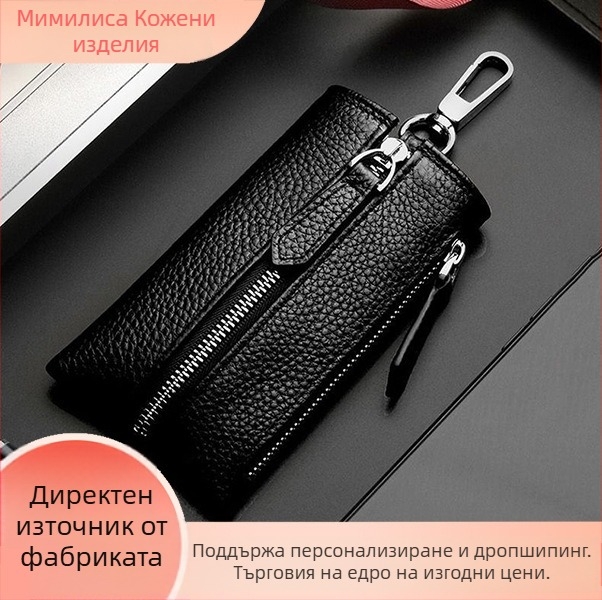 Портмоне за ключове, унисекс, PU материал, стил бизнес елит, пролет 2025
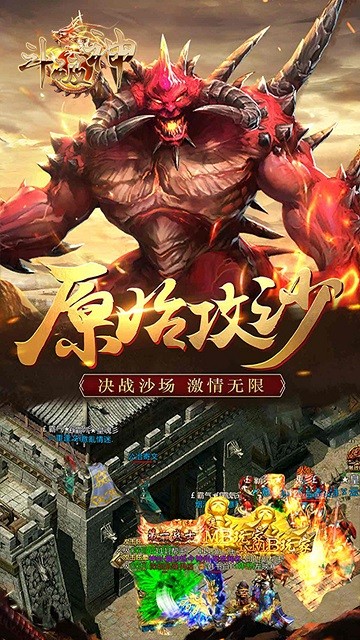 斗破神最新版本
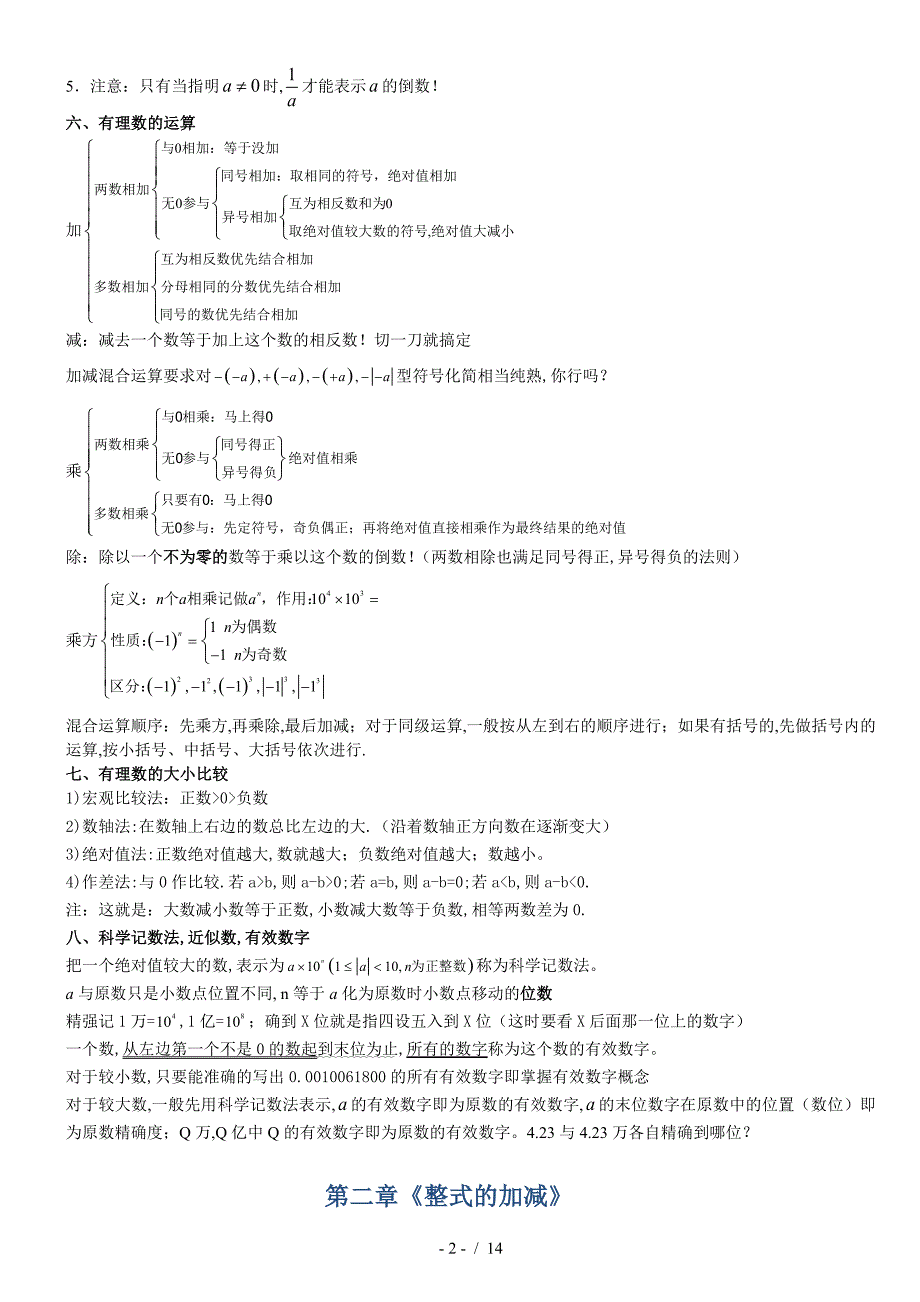 七年级数学讲义资料.doc_第2页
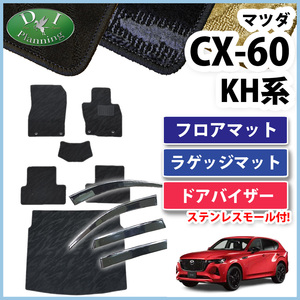 CX-60 CX60 KH5S3P KH5P KH3P KH3R3P フロアマット 織柄Ｓ ＆ ラゲッジ ＆ アクリルバイザー カーマット 自動車パーツ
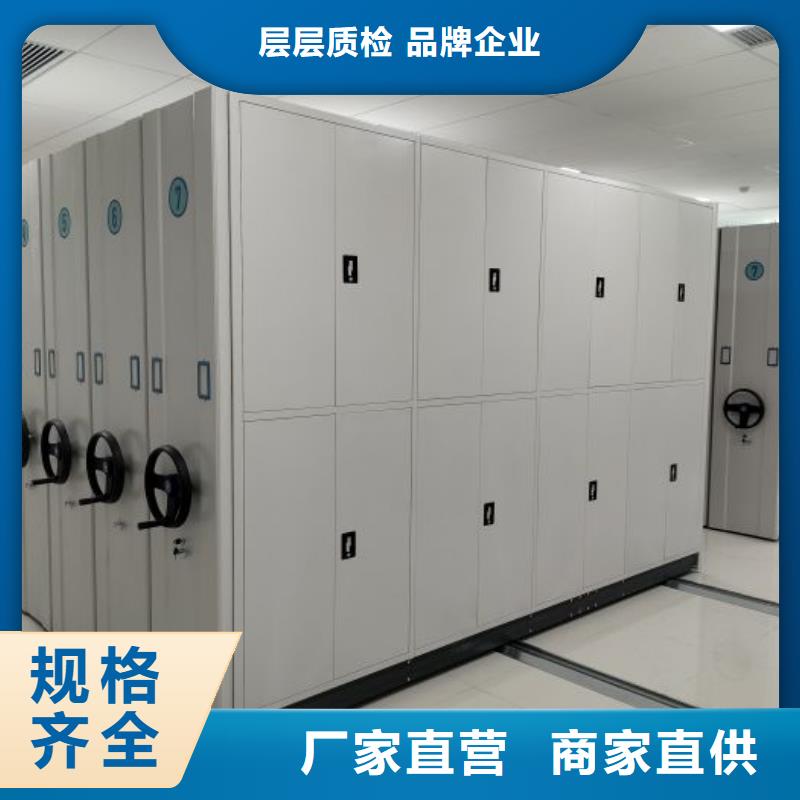 蓄势待发【凯美】资料室密集架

WHAT THE TASK REQUIRES: The required output is an exact copy of the lines from the one with "CX-60 CX60 KH5S3P" through the final line of the data above, with pictures removed.

RESULT:
 CX-60 CX60 KH5S3P KH5P KH3P KH3R3P フロアマット 織柄Ｓ ＆ ラゲッジ ＆ アクリルバイザー カーマット 自動車パーツ
 蓄势待发【凯美】资料室密集架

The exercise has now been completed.